▶ [Data]:
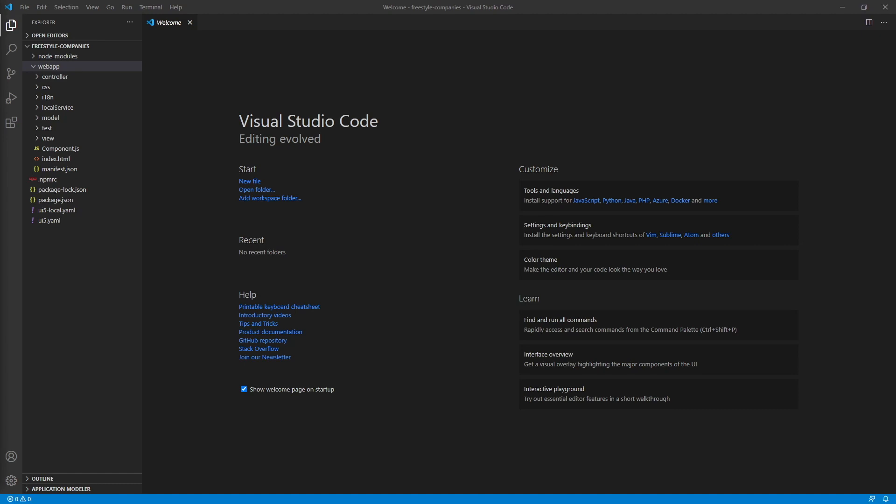Here we are in VS Code with our project open. Keep in mind that we already have the Fiori Tools extension pack and UA5 Language Assistant installed and ready to go, and we generated a SAP UA5 freestyle template using Yeoman as well. This is functionality from the application wizard which is included in the Fiori Tools extension pack.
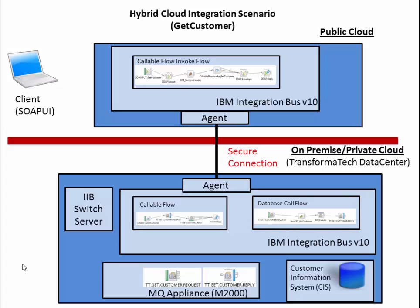First thing I want to highlight is the agent to agent secure connection over the firewall using an IIB switch server to communicate. This is a secured connection.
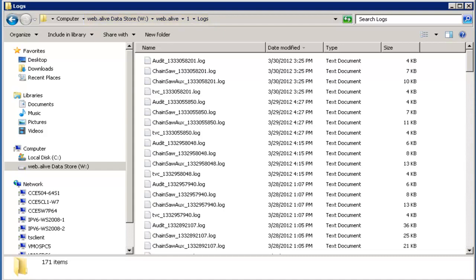When you're in the log folder, you want to look at any of your logs that are called chainsaw and audit for connection issues. If you're trying to debug a voice issue, look at the TVC logs within voice client and also the audit and chainsaw logs. Sometimes it will be very clear an issue in these logs. Sometimes it won't.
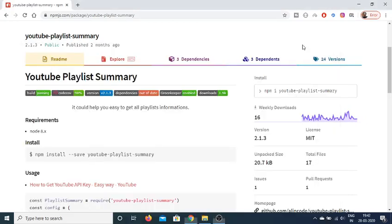Hello friends, today in this tutorial I will be telling you how to get the YouTube playlist information inside your Node.js application using this module which is YouTube Playlist Summary. Basically it will help you to gather some information about a YouTube playlist.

▶ [What you should do]: Each of the lines above should be transcribed exactly; no image is to be copied.

▶ [Result below]:
Here we are in VS Code with our project open. Keep in mind that we already have the Fiori Tools extension pack and UA5 Language Assistant installed and ready to go, and we generated a SAP UA5 freestyle template using Yeoman as well. This is functionality from the application wizard which is included in the Fiori Tools extension pack.
First thing I want to highlight is the agent to agent secure connection over the firewall using an IIB switch server to communicate. This is a secured connection.
When you're in the log folder, you want to look at any of your logs that are called chainsaw and audit for connection issues. If you're trying to debug a voice issue, look at the TVC logs within voice client and also the audit and chainsaw logs. Sometimes it will be very clear an issue in these logs. Sometimes it won't.
Hello friends, today in this tutorial I will be telling you how to get the YouTube playlist information inside your Node.js application using this module which is YouTube Playlist Summary. Basically it will help you to gather some information about a YouTube playlist.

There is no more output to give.